Guarantee-time bias in modelling time-dependent exposure and competing risk events: an application in examining the relationship between use of calcium channel blockers and breast cancer
Main Article Content
Abstract
Objectives
Incorrect handling of a time-dependent exposure can introduce guarantee-time bias (GTB), which leads to a spurious survival advantage in favour of the exposure group. We explore available approaches and apply them to examine the relationship between the long-term use of calcium channel blockers (CCB) and breast cancer.
Methods
We examined various recommended approaches, including Landmark analysis and Joint modelling of longitudinal and time-to-event data (JM) in terms of model specification and assumptions and compared their strengths and limitations. Using the Australian Longitudinal Study on Women's Health surveys and linked data, we demonstrated how the methods could be applied to evaluate the long-term use of CCB (measured as time-dependent dose–-duration) and breast cancer, taking into account being at risk of multiple, mutually exclusive events (competing risks).
Results
In a simple context where the exposure group can easily re-classify their exposure status at specific time points in the early stage of observation, the landmark approach is more efficient.

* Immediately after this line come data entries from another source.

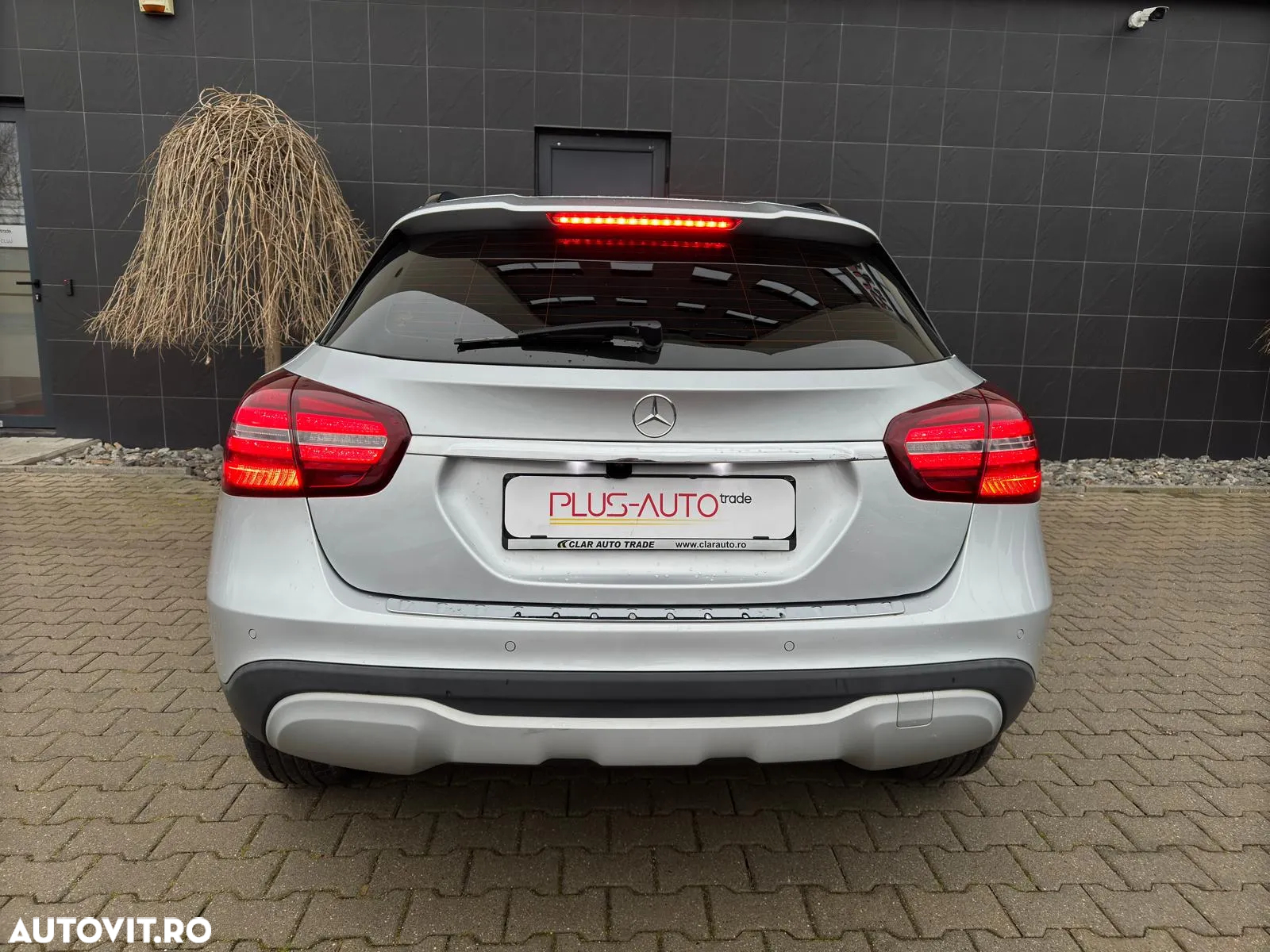 Mercedes-Benz GLA 250 4Matic 7G-DCT Peak Edition - 7
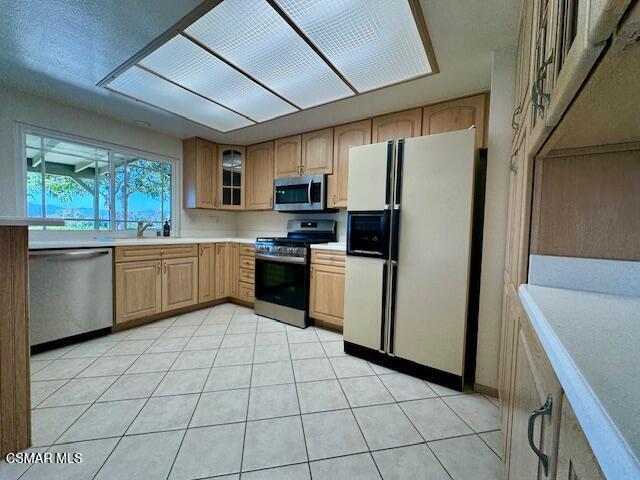 Building Photo - 5927 Dovetail Dr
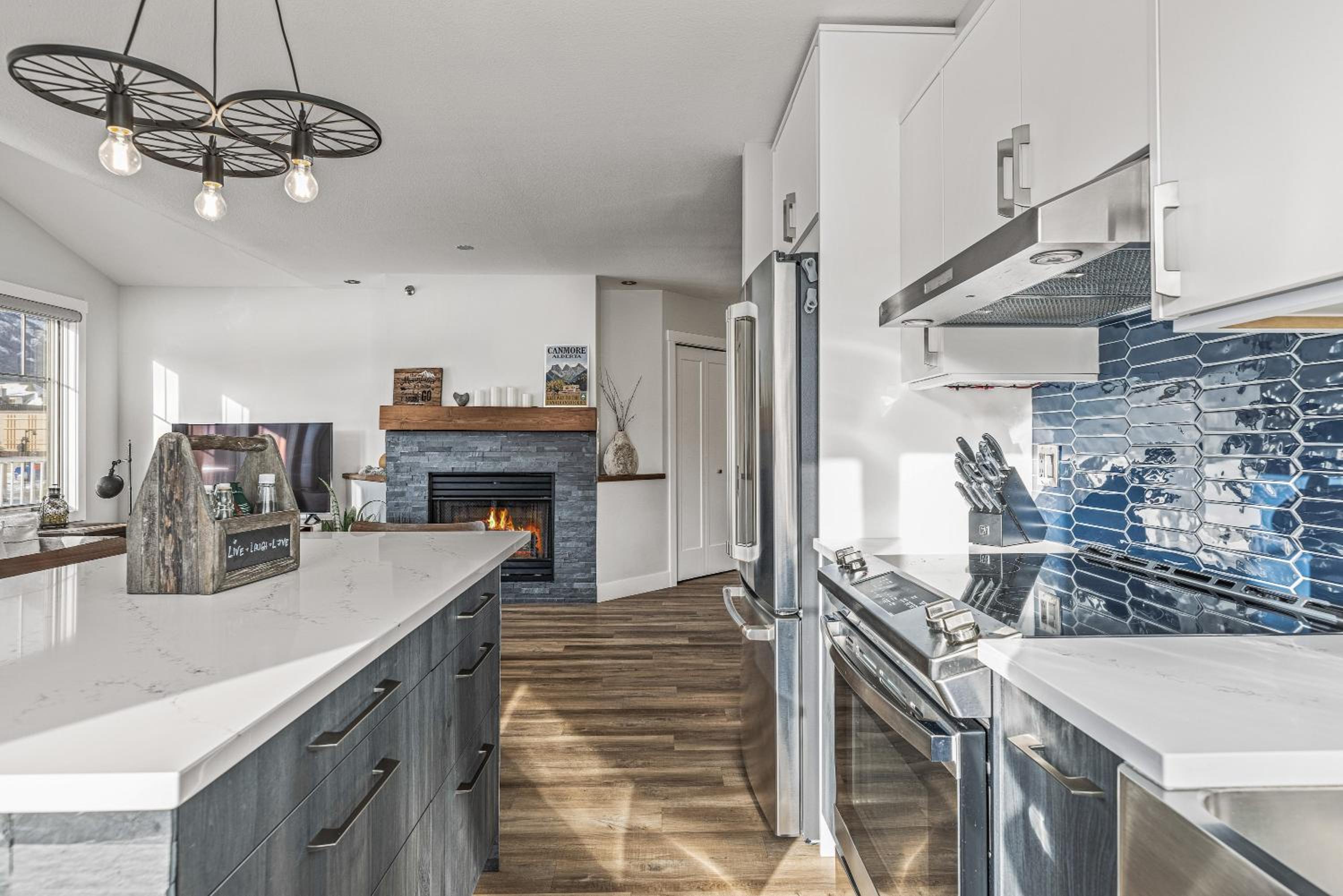 Spectacular Rocky Mountain Views 3BD By The Tracks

JM is more rigorous when the time-dependent exposure experiences complex patterns (e.g., varying between individuals and within individuals) and correlation between the longitudinal measurements and the time-to-event outcomes. However, the application of JM is challenging. The findings from the application data, including visual presentations, will highlight meaningful differences between the methods and provide practical steps to overcome challenges in using JM to facilitate the use of the model in linked administrative data to examine long-term drug safety.
Conclusion
JM is a rigorous tool for handling GTB in examining the long-term effects of drug use on time-to-event outcomes. This provides a great opportunity to maximise the values of linked administrative data in evaluating drug safety, although caution is needed when setting model specifications.